[[ EXTRACTED DATA open ]]

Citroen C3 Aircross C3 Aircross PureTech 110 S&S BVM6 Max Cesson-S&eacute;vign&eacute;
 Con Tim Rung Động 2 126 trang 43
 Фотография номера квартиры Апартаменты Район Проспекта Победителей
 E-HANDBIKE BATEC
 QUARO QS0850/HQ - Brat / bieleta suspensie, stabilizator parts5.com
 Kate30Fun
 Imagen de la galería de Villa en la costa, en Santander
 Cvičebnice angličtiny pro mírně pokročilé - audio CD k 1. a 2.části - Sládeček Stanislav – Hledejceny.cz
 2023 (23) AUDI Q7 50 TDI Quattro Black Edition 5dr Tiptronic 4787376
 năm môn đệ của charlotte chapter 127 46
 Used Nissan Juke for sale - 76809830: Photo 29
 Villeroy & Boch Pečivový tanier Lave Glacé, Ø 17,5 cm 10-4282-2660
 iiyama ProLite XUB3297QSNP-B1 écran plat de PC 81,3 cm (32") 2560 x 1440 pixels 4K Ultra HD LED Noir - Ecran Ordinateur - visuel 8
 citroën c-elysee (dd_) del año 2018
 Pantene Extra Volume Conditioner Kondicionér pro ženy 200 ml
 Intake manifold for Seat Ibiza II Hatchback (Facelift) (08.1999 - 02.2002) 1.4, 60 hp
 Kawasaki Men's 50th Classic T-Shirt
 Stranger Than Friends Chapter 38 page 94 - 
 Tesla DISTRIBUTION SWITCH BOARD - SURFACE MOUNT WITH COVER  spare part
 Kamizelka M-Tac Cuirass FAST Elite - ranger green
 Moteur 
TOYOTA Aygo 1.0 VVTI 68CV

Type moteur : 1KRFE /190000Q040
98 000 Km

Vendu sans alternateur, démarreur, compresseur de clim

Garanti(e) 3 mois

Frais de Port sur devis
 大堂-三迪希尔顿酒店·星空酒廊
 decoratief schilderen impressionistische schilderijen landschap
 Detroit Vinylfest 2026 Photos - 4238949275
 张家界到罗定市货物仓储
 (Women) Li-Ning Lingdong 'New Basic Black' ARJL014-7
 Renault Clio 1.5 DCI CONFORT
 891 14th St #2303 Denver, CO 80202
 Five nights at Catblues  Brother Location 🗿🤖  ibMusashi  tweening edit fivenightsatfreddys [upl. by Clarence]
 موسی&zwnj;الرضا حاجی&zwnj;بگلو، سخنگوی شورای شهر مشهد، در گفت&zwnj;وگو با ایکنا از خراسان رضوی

[[ EXTRACTED DATA closed ]]

▸ ABOUT THIS TASK:
Go through the listing, and whenever a line contains the string "Black", copy that line.

▸ WRITTEN SOLUTION:
 2023 (23) AUDI Q7 50 TDI Quattro Black Edition 5dr Tiptronic 4787376
 (Women) Li-Ning Lingdong 'New Basic Black' ARJL014-7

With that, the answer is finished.